- **INPUT DATA**
*** Begin section ***
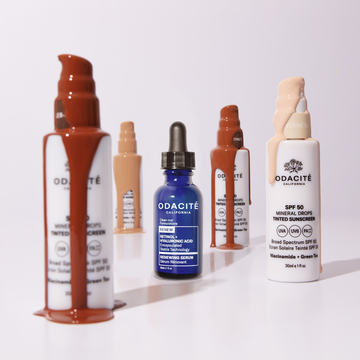Odacité Anti-aging Dream Duo SPF 50 and Retinol bottles on white background, with serum drops near the blue retinol bottle.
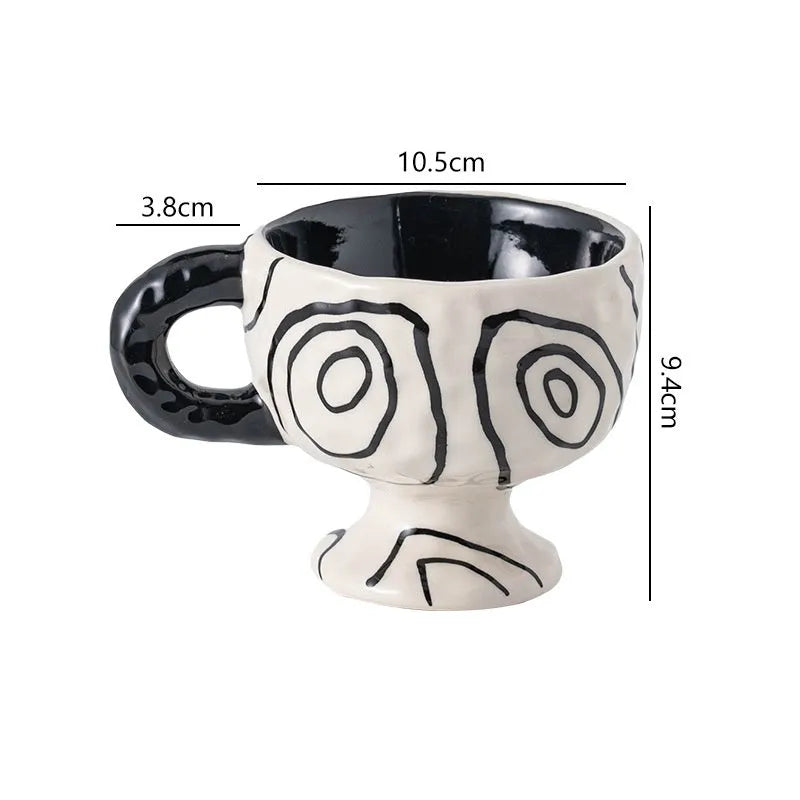 Handmade ceramic mug with irregular shape in solid colour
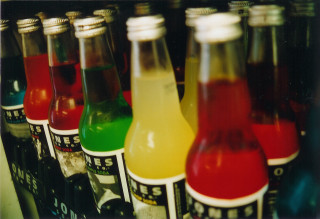 Soda bottles colored drinks row - colored free wallpaper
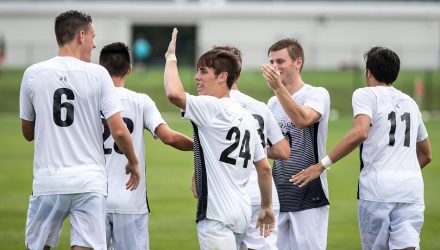 Mens soccer team high-fiving on the field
*** End section ***
- **TASK TO CARRY OUT**
Print the listing again exactly as it appears, except for the pictures, which stay out.

- **PROBLEM SOLUTION**
Odacité Anti-aging Dream Duo SPF 50 and Retinol bottles on white background, with serum drops near the blue retinol bottle.
 Handmade ceramic mug with irregular shape in solid colour
 Soda bottles colored drinks row - colored free wallpaper
 Mens soccer team high-fiving on the field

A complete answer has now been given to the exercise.